GSB: So once you had moved into management, was “going green” at Pocono Raceway your initiative and was it a natural extension of your personal passion for the environment once you got involved with running the place?
BI: Well, Doc also was very much behind our move to go green and it certainly was in the back of my head as I started to move up in the organization. Back in the early-to-mid 2000s, we partnered with Pepsi and Waste Management with our initial recycling program. But we wanted to go bigger than recycling and the way we looked at it, the way to do that was to go big with solar power.
GSB: On-site solar? At a raceway?
GSB: When and why did you come to solar as a solution?
BI: Great questions. In 2008, Pennsylvania started to deregulate the power market with the effects being felt in 2009-2010; the result being that electric bills were going to go way up; 30-45% in some cases.
GSB: I would’ve thought deregulation would mean lower prices. I guess I would’ve been wrong!

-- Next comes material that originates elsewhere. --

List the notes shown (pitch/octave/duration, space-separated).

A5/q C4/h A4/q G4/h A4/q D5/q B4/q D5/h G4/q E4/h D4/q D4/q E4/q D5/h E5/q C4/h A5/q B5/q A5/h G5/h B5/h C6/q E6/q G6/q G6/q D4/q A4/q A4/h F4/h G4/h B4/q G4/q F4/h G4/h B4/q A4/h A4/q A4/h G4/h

BI: You would’ve been. Anyway, back in the mid 2000s, I had been out in California, noticed that solar and wind were growing out there, also geo-thermal. By 2008, I could see that wind and solar were coming into their own. So, that October, I was down getting a cheesesteak in Philly…
GSB: …At Geno’s?
BI: No, Mama’s in Belmont. This was the day of the Phillies championship parade after they won the World Series—I’m a big Phillies, Eagles, and Flyers fan. I’m there and I over hear a guy at a table close by talking about solar. Turns out he was developing a 10 megawatt (mW) site not far from the raceway. We met with him a couple of times. Then out of the blue I catch up with a guy I knew growing up who had been in the racing business. He mentioned that his brother was developing solar projects. So I had a meeting with them. I asked him a ton of questions and I got the answers we needed. And off we went into the solar business.
GSB: Was Doc still in the picture at that time? If so, what did he think of all this And what did “going off into solar” entail?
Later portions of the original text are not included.